Don had a moment of hope when he saw a pinpoint of darkness against the puffy white clouds, but it turned out to be a bird, probably one of the gulls that hung around fishing the lakes and the river. Maybe a crow he thought before deciding it didn’t matter. It was a damn bird and not his AR.Drone quadcopter. His pace slowed and he finally stopped. He was in the process of coming to grips with his fly away loss when Mr. Picnic tackled him and forced him to the ground hard enough to knock the wind from both of the men. They lay in the grass gasping and trying with little success to get their breath back.  In a few moments both men were finally getting some air as a County Sheriff’s car pulled right up to them on the grass. The door opened and a deputy extracted himself and adjusting his Sam Browne equipment belt strolled over to inquire what had prompted the melee.

Both men began talking at once, the deputy looking back and forth like a tennis judge before he finally snarled “One at a time!”  and pointed at Don. He was just beginning to get the story when his radio buzzed with static and caused the deputy to hold up a finger in a ‘wait one’ gesture. The radio noise, illegible to either of the combatants was apparently understandable to the deputy who cautioned them to behave themselves and told them he had to go investigate a traffic accident on Harvard Road, just north of the I90 freeway. “Some bird fell out of the sky and broke the windshield of a motorist.” he said over his shoulder to the now kneeling men. “Ran off the road and hit a tree.”

Grousing, but for different reasons, the men got to their feet.
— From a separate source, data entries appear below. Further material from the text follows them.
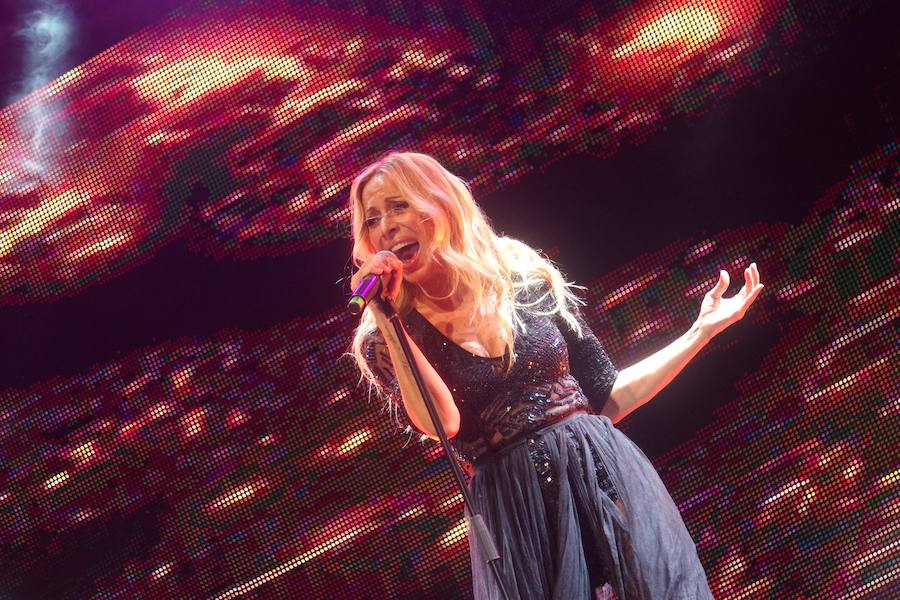 Fotos del concierto de Marta Sánchez en el Auditorio de Málaga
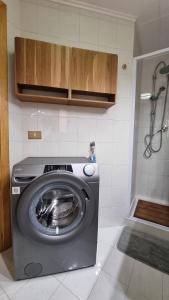 een wasmachine en droger in de badkamer met bij Antica Dimora Dolomiti in Vodo Cadore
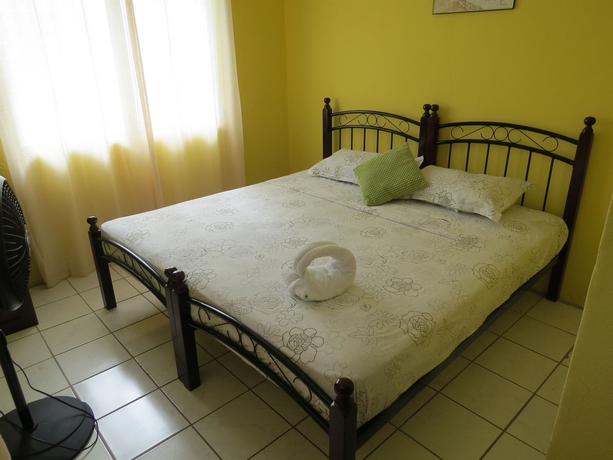 Imagen de la habitación del Hotel El Rey. Foto 5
The picnic dad stomped back towards his waiting family and Don toward the parking lot and his car. Of course, Don was pretty sure he knew what had caused the traffic accident that had just kept him from a likely trip down to the jail for public disturbance. It was like destiny was calling him with the intent of causing some relationship between Don and law enforcement. He put his car in gear and headed for Harvard Road to see what was left of his AR.Drone and to take responsibility for the bad luck and trouble he’d caused some innocent guy who was probably driving to the hardware store. No doubt carrying a Honey-do list of chores.
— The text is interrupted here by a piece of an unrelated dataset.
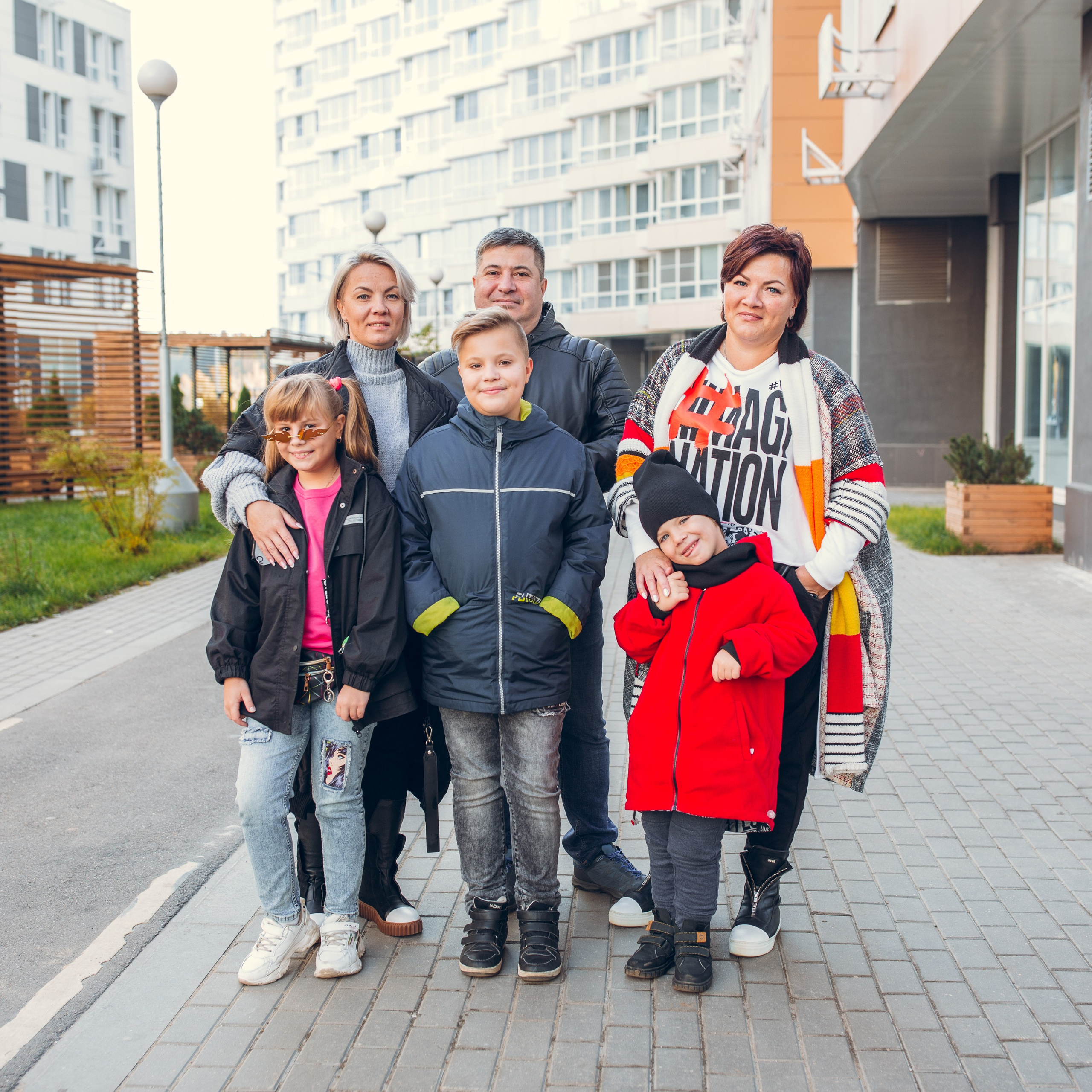 Фотопрогулка семьи в осеннем лесу. Фотограф — Евгений Свистков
There were a couple of Sheriff cars parked at canted angles, their red and blue lights strobing away. An ambulance rested quietly at the roadside. A dark blue Nissan truck leaned against a tree, it’s hood an accordion atop a steaming motor. The truck’s windshield had a spiderweb centered right in line with the drivers eye position in the truck. He looked about for the bright orange and green color splash that would be the remains of his quadcopter, but saw nothing of the sort. There was a deputy standing next to a man who was seated on the back bumper of the ambulance, holding a clot of gauze to his forehead. Another deputy had a kid sitting in the back seat of his car, the door open with the deputy leaning in to talk to the kid. The boy was crying.
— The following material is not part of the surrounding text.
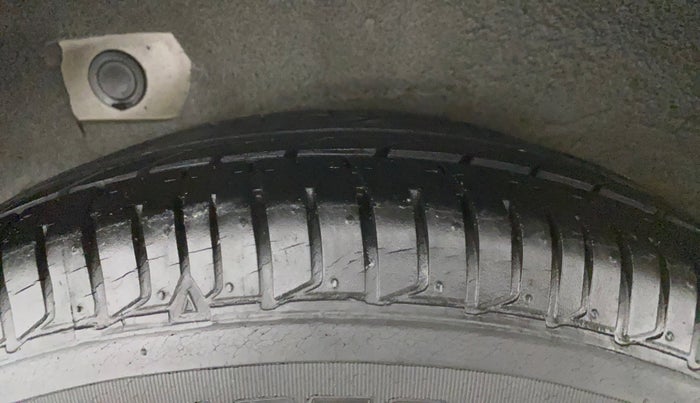 2011 Hyundai i10 MAGNA 1.1, Petrol, Manual, 30,901 km, Right Rear Tyre Tread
“What happened here?” Don asked another of the people who were gathering to watch the activity. The man told him that the kid in the car had been throwing rocks at road signs and missed, one of his projectiles hitting the Nissan’s windshield. “Well, hunh!” smiled Don, who started back to his car with a growing smile on his face. He thought about the $300 loss he’d be taking what with his AR.Drone gone off to the land of pixies and rainbows –likely stuck at the top of one of the towering evergreens so common to Washington state.

“Coulda been worse.” he mumbled to himself. Putting his car in gear he drove home.